Dopo aver compreso la necessità di vendere tutto e “darlo in elemosina” (cf. Lc 12,33-34), per avere un cuore libero da qualsiasi forma di attaccamento alle “vanità” della vita, la Liturgia della Parola di quest’oggi ci propone la fedecome “fondamento di ciò che si spera e prova di ciò che non si vede” (Eb 11,1). Ecco il vero tesoro di cui arricchirsi durante la vita terrena, per chi decide di vivere la fede come atteggiamento di attesa e di fedeltà alla promessa del “padrone che torna dalle nozze” (Lc 12,36).
Una proposta a dire il vero decisamente controcorrente e impegnativa, per non dire provocante, quella che emerge da questa Liturgia, in totale dissonanza col clima vacanziero che caratterizza l’atteggiamento di tanti di noi in questo periodo estivo: nel mentre siamo proiettati ad uscire fuori dalle nostre case, dalle nostre città e dalle nostre nazioni, verso una meta che si auspica riposante, la Parola di Dio ci propone di uscire da noi stessi, verso una meta che ci viene promessa come condizione di “ristoro delle nostre anime” (Mt 11,29). Un esodo tutt’altro che evasivo, perciò, quello a cui veniamo invitati. Se quello vacanziero, infatti, è spesso vissuto, per così dire, come occasione di “sballo”, quello spirituale è volto, invece, al recupero del centro di sé e di Dio che ne costituisce il fondamento e la pienezza.

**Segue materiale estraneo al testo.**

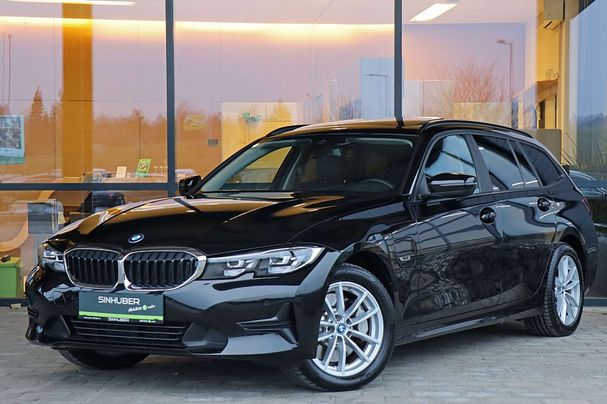 BMW 330 Touring xDrive 185 kW image number 1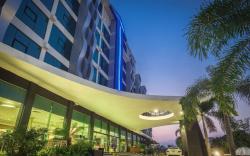Alvarez Hotel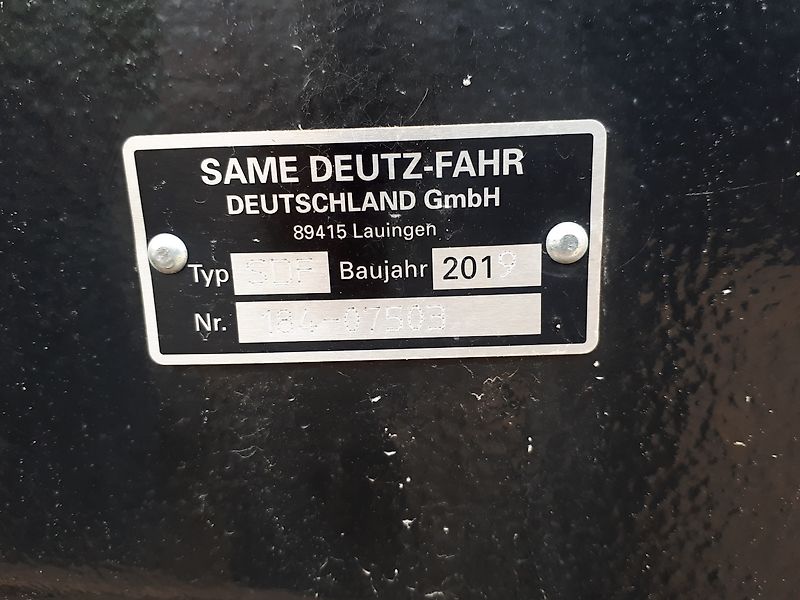 Deutz-Fahr Fronthydraulik passend zu DEUTZ AGROTRON 6185, 6205 , 6215 , 7250, 8280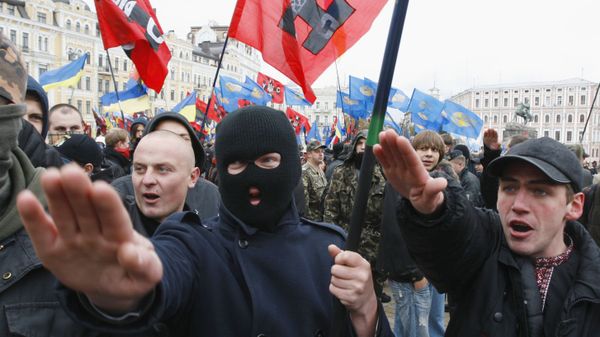 В Киеве состоялся пеший марш за признание бойцов Украинской повстанческой армии (УПА) участниками национального освободительного движения на Украине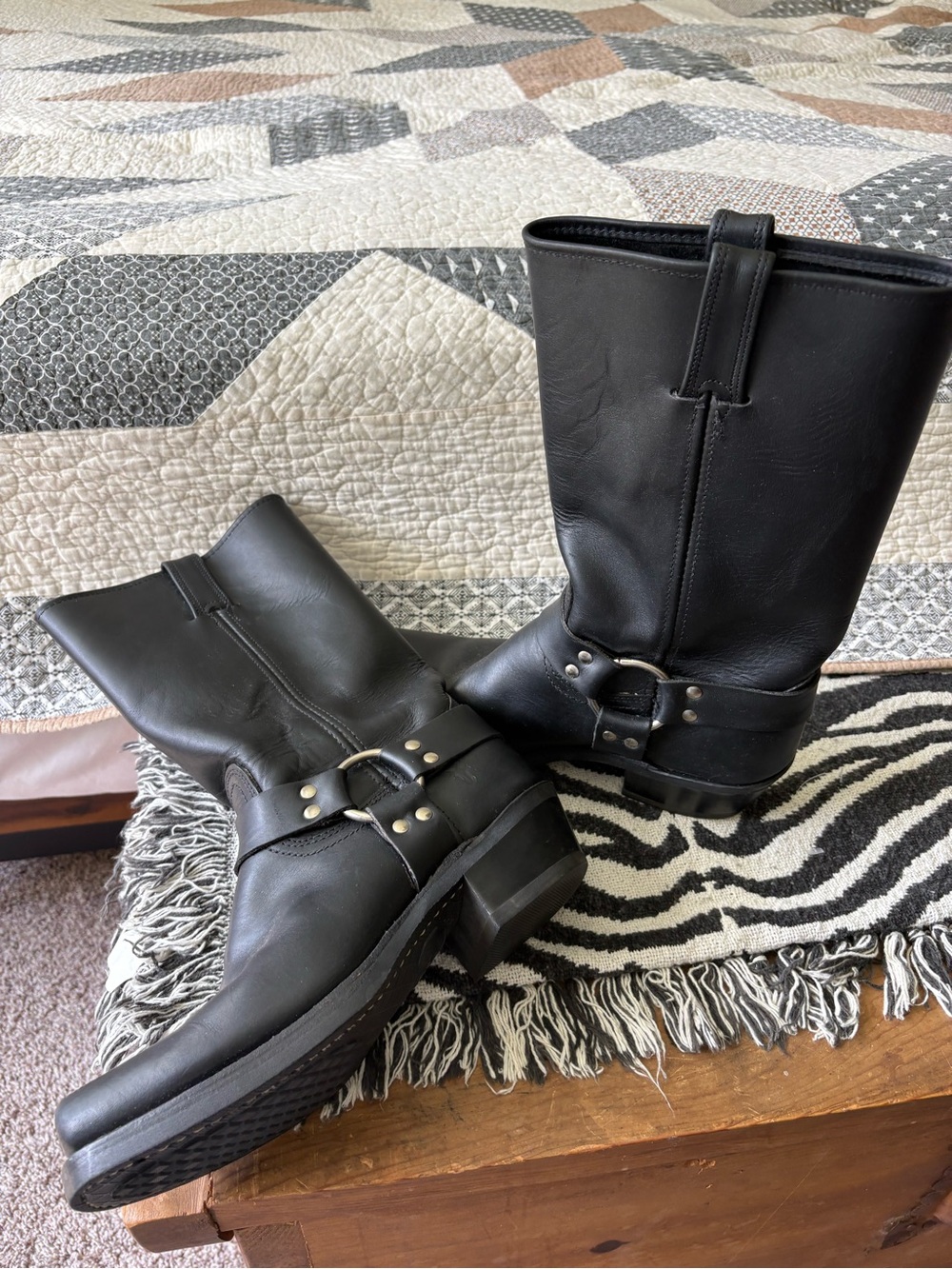 NWOT Frye Black Harness 12R BOOTS - Picture 3 of 11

Ma in cosa consiste questo tesoro? E quali sono le condizioni per crescere e progredire in esso? In un clima sociale come il nostro, prevalentemente caratterizzato da un lassismo morale, culturale ed esistenziale, la fede – così come scaturisce da questi brani biblici – sembra costituire quella condizione che contribuisce a darci una visione sapienziale della vita, grazie alla quale ciascuno di noi ha modo di cogliere il senso della propria esistenza. Cos’è infatti quel monito che Gesù rivolge ai suoi ad essere sempre “pronti con le vesti strette ai fianchi e le lampade accese” (Lc 12,35), se non una metafora per dire l’importanza, anzi la necessità, di avere costantemente uno sguardo verso il suo ritorno escatologico, e soprattutto di poter acquisire i criteri che consentono di riconoscerlo nel buio della notte, ovvero nei momenti di crisi esistenziale e spirituale? Saper sviluppare questa attenzione e capacità discernitiva, custodendola gelosamente nei momenti di difficoltà, senza lasciarsi travolgere dai dubbi e dalla confusione che spesso accompagnano questi momenti, significa creare le condizioni per “accumulare” il deposito della fede. La fede diventa così la lampada che illumina e orienta la nostra esistenza. È alla sua luce che diveniamo capaci di riconoscere il volto di Cristo, quando, inaspettatamente, sopraggiunge nel pieno della nostra notte spirituale. Egli in modo molto discreto bussa alla porta del nostro cuore, attraverso circostanze e avvenimenti apparentemente assurdi e insignificanti. E se ne sta fuori, senza forzare la porta, come rappresenta, in modo emblematico, il pittore inglese Pre-raffaellita Holman Hunt (1827-1910) quando, nel dipingere la sua opera Cristo luce del mondo, si ispira proprio a questo brano evangelico di Luca. L’artista rappresenta Gesù in piedi davanti ad una porta, intorno alla quale sono cresciute spine ed erbacce. A qualcuno che fece notare al pittore che la porta era priva di una maniglia esterna, il pittore, sempre preciso in ogni dettaglio, rispose che questo genere di porta prevede solo una maniglia interna, quella cioè destinata al proprietario della casa. Solo lui può aprire l’ospite che chiede di essere accolto.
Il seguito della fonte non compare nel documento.